Problemas de siempre en la política ha sido la relación del partido y el gobierno. Su génesis remite al régimen priista. El partido en el poder no tenía propósitos de representación, tampoco de cohesión en torno a una ideología o programa particular. Fue, esencialmente, un instrumento para dar cauce político a la competencia interna por el poder, y una respuesta razonablemente civilizada frente a la rebelión y a la represión subsecuente. El partido del régimen fue clave en ocasión de la renovación pacífica sexenal.
Los alientos de democracia y poder competido se dieron en paralelo a la creación del partido del régimen. Las condiciones particulares de la sociedad mexicana impidieron que la democracia electoral cobrara vigencia. Setenta años de partido hegemónico o dominante recrearon una cultura política legitimadora de un ejercicio autoritario del poder. Es así que la vigencia del sistema autoritario no solo tiene como referente al gobierno y su partido, sino una sociedad que interioriza por acción y omisión la ausencia de un sentido de ciudadanía.
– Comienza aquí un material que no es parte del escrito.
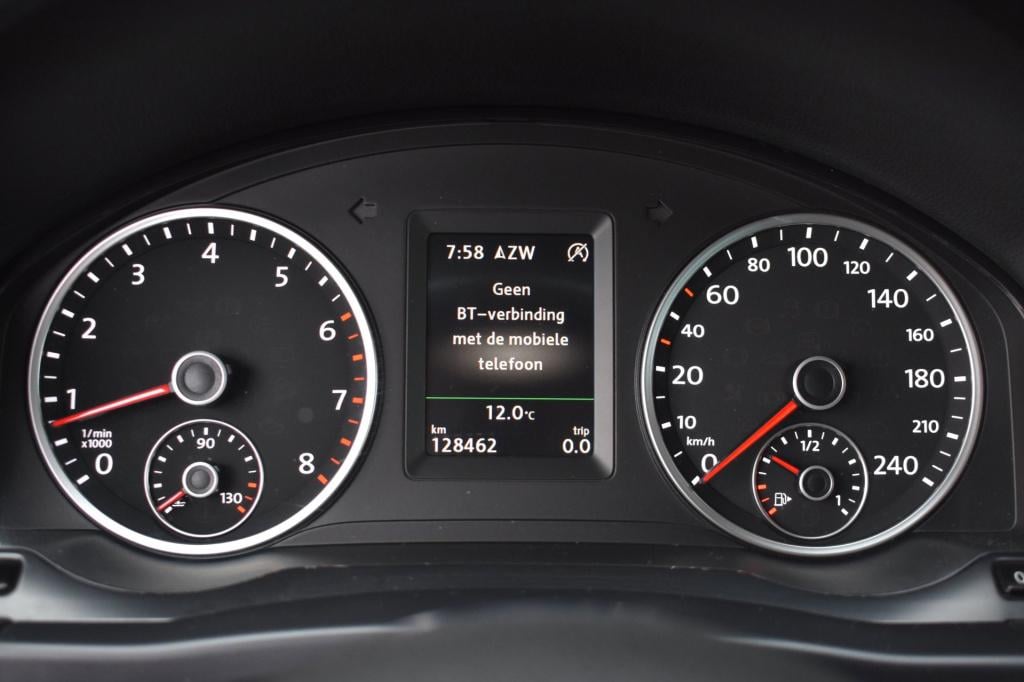 Volkswagen Tiguan 1.4 tsi r-line lm | trekhaak | xenon | led | stoelverwarm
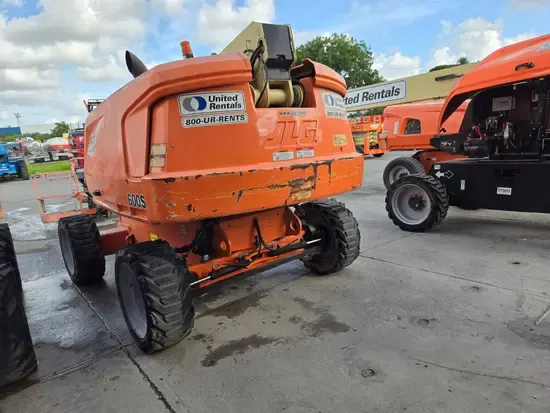 2017 JLG 600S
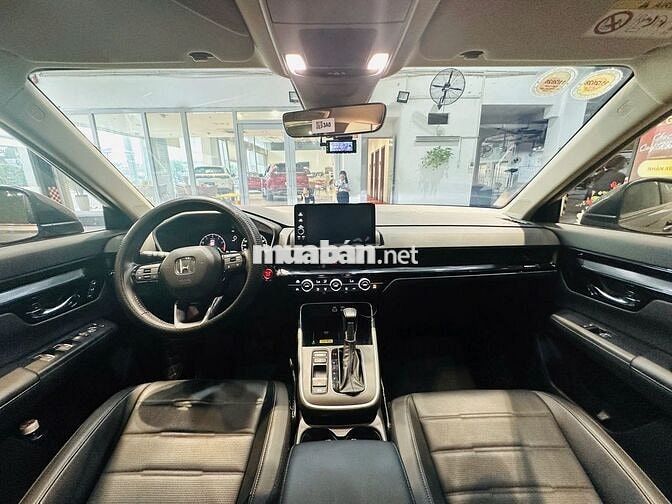 Honda CR-V L. Mua T11/2025 8.000 km. Xe Zin 100% ✔️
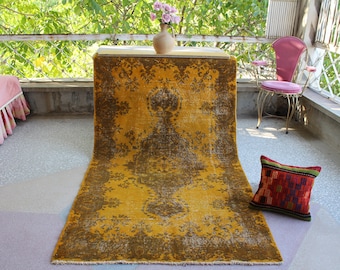 Tappeto turco, tappeto giallo, tappeto sovratinto, tappeto 7'x4', tappeto vintage, tappeto area, tappeto tessuto a mano, tappeto Oushak, tappeto tribale, tappeto Kilim, tappeto di lana, tappeto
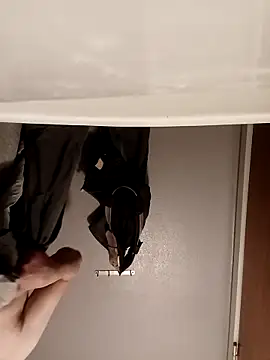 olviasssl77 online show from April 3, 2026, 2:48 pm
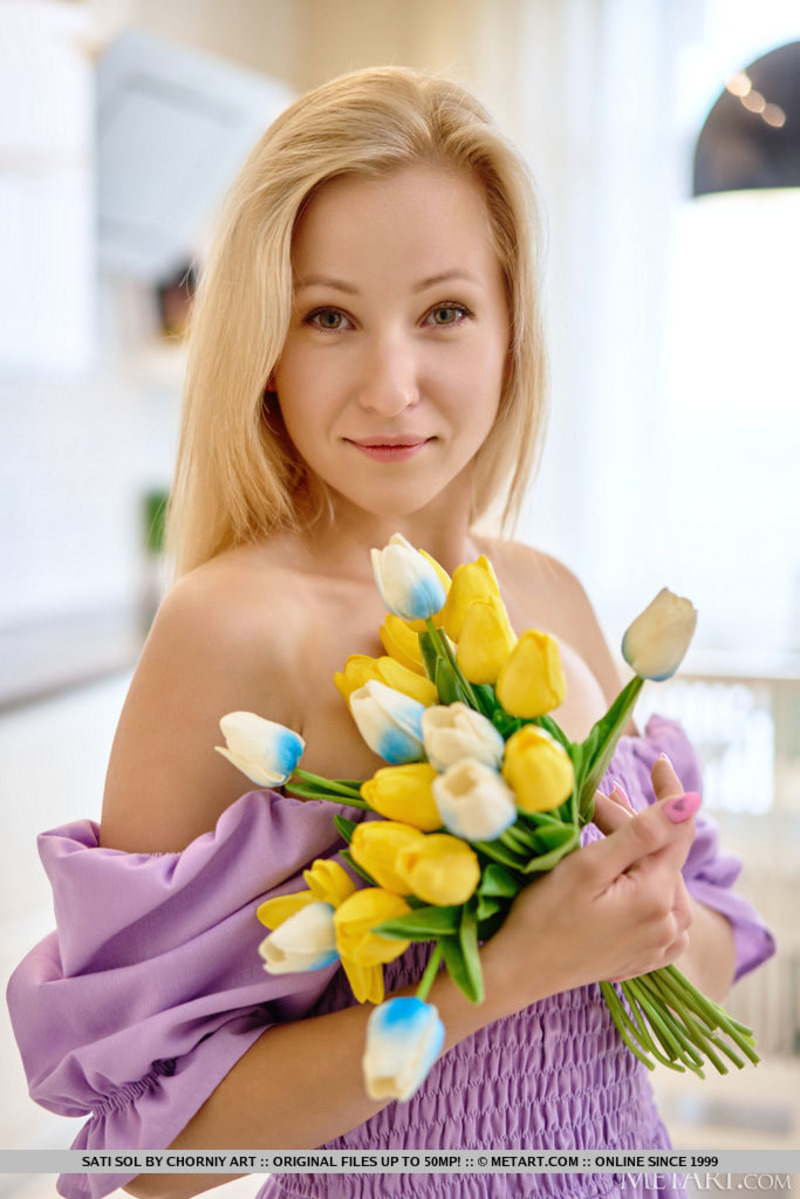 Hot Blonde Sati Sol Stripping-11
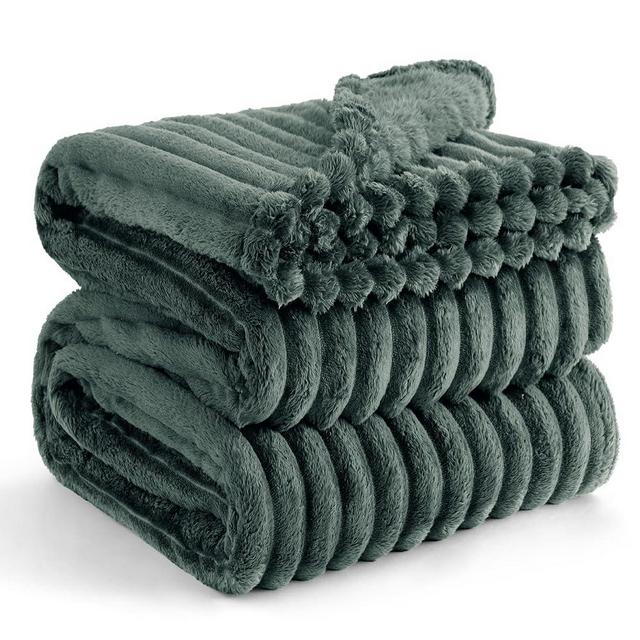 Bedsure Mallard Green Fleece Blanket for Couch - Super Soft Cozy King Blankets for Women, Cute Small Blanket for Girls, 108x90 Inches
Al cierre del siglo pasado, después de la transición a una normalidad democrática, nadie pensaría en la involución de veinte años después. En aquel entonces: una situación de gobierno dividido; una Suprema Corte que estrenaba independencia de la que aún goza; la antesala de la primera alternancia en la Presidencia de la República; protagonistas de la calidad política de Carlos Castillo Peraza, Diego Fernández de Cevallos y Felipe Calderón del PAN; Cuauhtémoc Cárdenas, Porfirio Muñoz y Andrés Manuel López Obrador (AMLO) por el PRD. Y un gobierno priista, herido y disminuido por los asesinatos de Colosio y Francisco Ruiz Massieu, por el desencuentro entre el gobierno y el ex presidente Carlos Salinas, así como por la severa crisis financiera heredada. Esta realidad democrática es más de reglas, acuerdos e instituciones, no así de cultura ciudadana y menos de actitudes consecuentes de su clase política. En fin, una democracia sin demócratas.
Se equivoca quien piense que el renacimiento del presidencialismo autoritario tiene como única fuente el poder mismo o la descomposición política y ética del gobierno de Peña Nieto. Su fortaleza y asidero es la sociedad misma. El consenso actual tiene como sustento las creencias, fijaciones y mitos de los mexicanos sobre el poder, no tanto un acto de manipulación e imposición autoritaria vertical.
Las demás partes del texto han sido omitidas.